As per the layout I see , the transistor is a P-channel MosFet . It means that with R015 connected source-gate it will be ALL the time in ON state , regardless PWM coming from MCU. Is becoming a DD ( Direct Drive) , where ALL the current the batteries are capable of , is gone get to load . So , bigger voltage - bigger power dissipation , less voltage , less power ! In a regulated driver , double voltage means half current in the driver ( in theory , at least).
With 4.2 V in direct drive a led can survive due to resistance of springs , wires , connections, but on 8.4 V , I doubt ...
I'm telling you again that that solder is wrong , and if you don't believe it , let's wait for some others guys to step in.., I'm sure that , at least a dozen of them will figure what I'm talking about...
It’s not that I don’t believe you in that it’s not right. But the led is not seeing direct drive. It is regulated through all the modes as it should it’s just that the driver is over heating. If it were direct drive at 8.4v my led would not have lasted 30s. I’m powering this from a power supply do I’m able to watch what is happening power wise. All the way from 4v to 8v the driver is consistently regulating the power between 11.5-12.5 watts. When I raise the volts, it uses less amps. So it’s figuring out how to measure current somewhere on the driver.

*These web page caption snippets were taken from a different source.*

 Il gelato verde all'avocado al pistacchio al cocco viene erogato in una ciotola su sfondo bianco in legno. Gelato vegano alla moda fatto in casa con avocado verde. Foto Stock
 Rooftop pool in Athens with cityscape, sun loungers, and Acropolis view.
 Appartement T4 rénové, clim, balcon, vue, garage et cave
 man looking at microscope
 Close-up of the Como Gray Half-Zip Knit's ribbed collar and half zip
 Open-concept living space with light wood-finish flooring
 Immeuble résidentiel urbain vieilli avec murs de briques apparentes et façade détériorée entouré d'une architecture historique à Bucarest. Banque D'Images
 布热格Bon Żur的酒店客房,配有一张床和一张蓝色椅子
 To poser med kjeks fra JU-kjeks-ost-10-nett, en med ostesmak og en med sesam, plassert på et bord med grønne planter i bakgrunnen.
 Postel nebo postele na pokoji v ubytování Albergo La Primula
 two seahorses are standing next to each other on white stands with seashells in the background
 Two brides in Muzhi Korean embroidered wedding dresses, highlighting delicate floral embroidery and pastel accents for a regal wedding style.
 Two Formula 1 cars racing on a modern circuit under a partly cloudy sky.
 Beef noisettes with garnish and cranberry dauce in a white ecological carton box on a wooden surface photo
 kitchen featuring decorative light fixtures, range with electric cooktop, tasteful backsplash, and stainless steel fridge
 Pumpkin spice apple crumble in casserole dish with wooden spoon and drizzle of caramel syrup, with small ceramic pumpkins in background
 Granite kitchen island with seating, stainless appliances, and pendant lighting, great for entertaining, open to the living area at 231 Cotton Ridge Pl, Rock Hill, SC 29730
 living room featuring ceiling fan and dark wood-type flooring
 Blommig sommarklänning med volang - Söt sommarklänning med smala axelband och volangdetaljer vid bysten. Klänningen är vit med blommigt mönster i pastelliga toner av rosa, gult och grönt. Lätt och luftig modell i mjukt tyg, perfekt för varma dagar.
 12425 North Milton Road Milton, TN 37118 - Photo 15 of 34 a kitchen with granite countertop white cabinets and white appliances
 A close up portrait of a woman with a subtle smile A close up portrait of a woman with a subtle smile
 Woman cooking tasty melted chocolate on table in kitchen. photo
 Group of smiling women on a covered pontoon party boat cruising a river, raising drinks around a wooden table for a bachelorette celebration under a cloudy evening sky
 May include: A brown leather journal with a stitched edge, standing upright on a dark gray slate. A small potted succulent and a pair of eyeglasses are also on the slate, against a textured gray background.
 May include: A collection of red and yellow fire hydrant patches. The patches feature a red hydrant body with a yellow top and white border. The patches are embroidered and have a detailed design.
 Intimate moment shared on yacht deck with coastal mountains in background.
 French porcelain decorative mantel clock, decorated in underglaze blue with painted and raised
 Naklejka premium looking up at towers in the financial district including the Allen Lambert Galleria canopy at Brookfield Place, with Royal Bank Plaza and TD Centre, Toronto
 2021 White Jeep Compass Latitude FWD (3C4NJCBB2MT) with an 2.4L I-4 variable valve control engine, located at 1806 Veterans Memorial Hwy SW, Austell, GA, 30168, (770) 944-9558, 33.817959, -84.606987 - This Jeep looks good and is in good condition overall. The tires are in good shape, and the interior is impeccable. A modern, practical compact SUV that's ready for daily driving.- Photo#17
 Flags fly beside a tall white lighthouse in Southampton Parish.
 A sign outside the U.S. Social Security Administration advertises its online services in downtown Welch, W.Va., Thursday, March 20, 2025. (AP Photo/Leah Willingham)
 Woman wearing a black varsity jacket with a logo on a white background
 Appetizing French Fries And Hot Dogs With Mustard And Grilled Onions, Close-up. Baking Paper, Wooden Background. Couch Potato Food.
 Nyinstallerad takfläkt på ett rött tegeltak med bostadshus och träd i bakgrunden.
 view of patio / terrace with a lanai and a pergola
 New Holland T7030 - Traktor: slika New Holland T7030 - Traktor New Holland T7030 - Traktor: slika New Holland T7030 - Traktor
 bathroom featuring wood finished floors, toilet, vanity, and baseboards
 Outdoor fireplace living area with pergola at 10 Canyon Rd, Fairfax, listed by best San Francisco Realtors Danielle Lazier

also, I have a whole box of these lights. The three that I have opened up are all the same so if the component placement is incorrect it’s not a random mistake. Hmm? If the resistor is misplaced is it still possible for the driver to regulate?
Have to head out soon but I thought I'd drop a quick reply. To understand the problem, let's first try to figure out the circuit.
The driver in question definitely looks like some sort of regulated driver, specifically a Buck Controller. The photo you have is a little unclear and I can't see what the bottom is (photo would be useful!) but U3 is the main buck controller, D1 is the catch diode, L1 is the main buck inductor, Q2 is the main P-Fet in a SOT23-5 package, and U2 is likely the small MCU in charge of the smarts.
What is a little unclear to be is to purpose of U4. Somehow since there are different modes and I suspect this driver is constant current regulated (please verify for me that the light does not flicker / no PWM at lower brightness settings - if it does we'll have another point to work off from), there needs to be some sort of feedback control. So R6 could be some sort of either current sense or current limiting resistor. It's a little hard to see from the photo so let me think about it a bit more. As you can see, the top of U4 feeds to pin 1 of U3 which I'm pretty sure is the FB pin. This is connected via some resistors to pin 5 of the MCU, so output can be regulated in some way.
It's strange that the diode is getting so hot since it looks like a decent diode. Let's assume you have 8.4V 12W in 3V output, the average current across the diode is 2-3A with higher peak. Let's assume it's 3A with a 0.5V V_fwd, the diode is dissipating some 1.5W in conduction losses and more due to reverse recovery. On the other hand, at lower input voltages, say 4V, the diode average current drops to 0.75A. So out of the bunch, the diode is likely the one that's dissipating the most power, more so than the FET (depending on the fet) or the inductor.
Unfortunately this doesn't answer your question (yet), but let's see if we can figure it out :)
Loneoceans, thanks for taking the time to give some input!
I was surprised to see that the light does have some PWM. Subtle lines can be seen when taking video.
I will take your circuit information and try to understand the layout a bit more tomorrow. Anyone else feel free the give your thoughts.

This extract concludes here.